After the Pier

September 29, 2009

I reckon the scream of joy and relief and near-coital ecstacy came shortly after I put myself out there, into the water so glacially cold. Fell backwards into it, I did. Gleefully.

That periwinkle Seattle sky shifted its gaze at me between clouds. I’d been walking Westlake for awhile, the rippling sheet of the lake’s water refracting back all the buildings and bobbing/weaving boats as my footfalls echoed against the cement in the still autumn air. My suit was pressed and perfect, my face freshly-scraped and my hair lacquered to a faultless sheen; neat as a pin and ready to function productively, I was.

What possessed me? Hell, I don’t know. All I remember was the surge of uncontained joy I felt as I spun like an Olympic discus thrower, hurtled my briefcase into the lake, and watched the leather case smack into the water’s surface. It burst open, vomitting up reports, resumes, pens, and my cell phone.  Then the lake methodically swallowed the case with a few undistinguished gulps. I was a slave watching with joy as one arm’s shackles disintegrated and fell off.
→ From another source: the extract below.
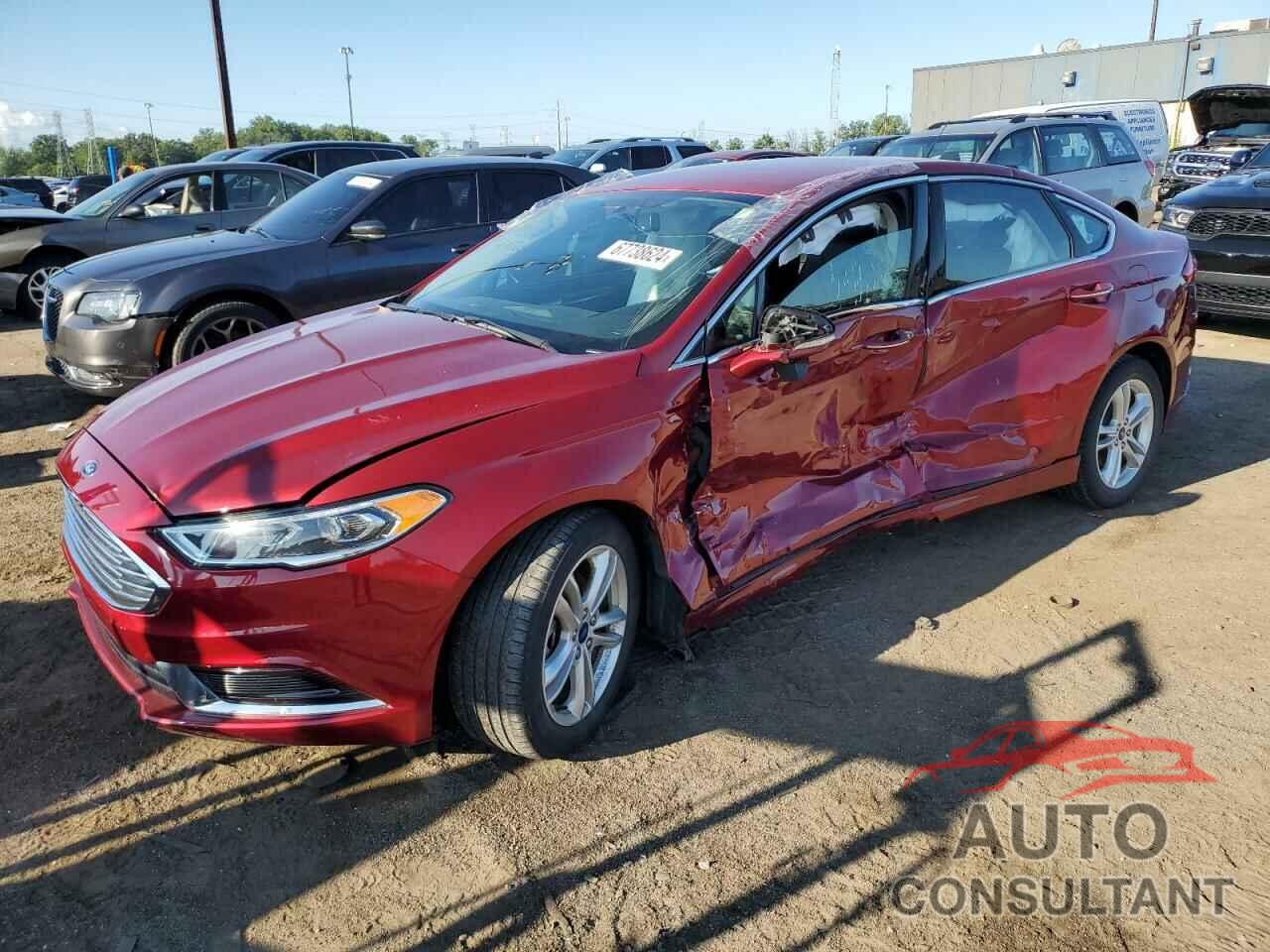 FORD FUSION 2018 - 3FA6P0HD3JR185827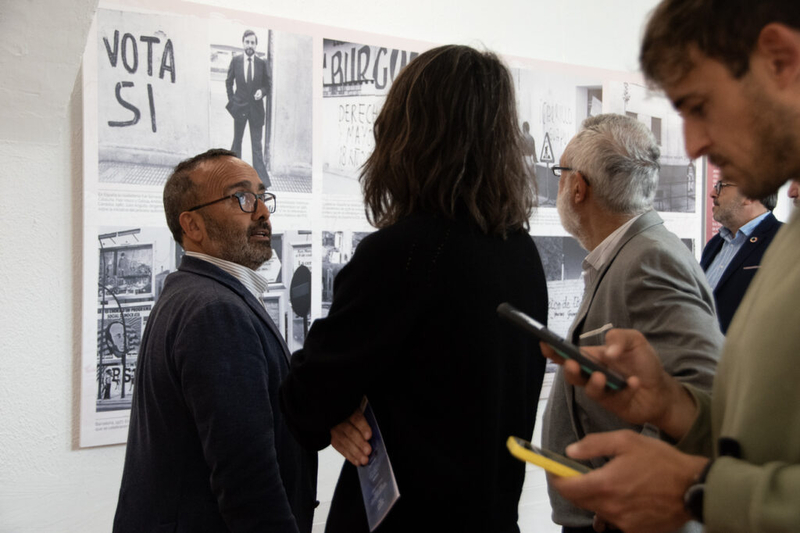 “Los Muros de la reivindicación ciudadana”, una muestra para conmemorar 50 años de libertad en España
Needed to purify myself, to feel the lake’s icy life’s blood wash away the antiseptic anonymity. The water–oil, pollution, and Godknowswhatelse-laden as it was–looked so very pure and sublime, like the holiest of Holy Waters, and its humble lapping at the barnacle-encased wood and asphalt along the dock made me swoon.

That was when I walked to the edge of the pier, staring into the lake mesmerised. Then I pivoted on one foot so that my back faced the lake. The water lapped away softly as the smell of the water filled my nostrils.

A track-suited middle-aged woman jogged by. Technicolor-red hair bounced on her shoulders as her green eyes locked with mine. She smiled politely at first, then her courteous mien segued to curiosity, and finally to shock. At least that’s what it looked like when I pushed my feet backwards and vaulted into Lake Union

The Smear of Blue that borders both sides of the gray was God not me

The Smear of Blue that borders both sides of the gray was God not me

.

My  body smacked into the water, and the jolt of cold woke every nerve ending. I screamed reflexively, a loud whoop that felt like impurities being coughed out of me. For a few seconds I was fully submerged beneath the dark green water. The jogging woman’s form moved along the edge of the pier. I could see her through the film of algae and water, vague and diffuse: She gestured frantically and pointed, but the utter silence ‘neath the surface rendered her and the other forms gathering near her purely abstract.

All of the people at the edge of the water looked unremarkable and smeary even after my body rose back to the surface. They scurried around like perturbed rodents, oblivious to the fact that I wanted to be there; that I’d made the choice to jump into the unknown and chuck everything they’d built to shore up their dissatisfaction. I backpedaled away from them, further to the center of the lake. And I could hear the jingling of the last set of shackles as it left my wrist and sank to the lake bottom.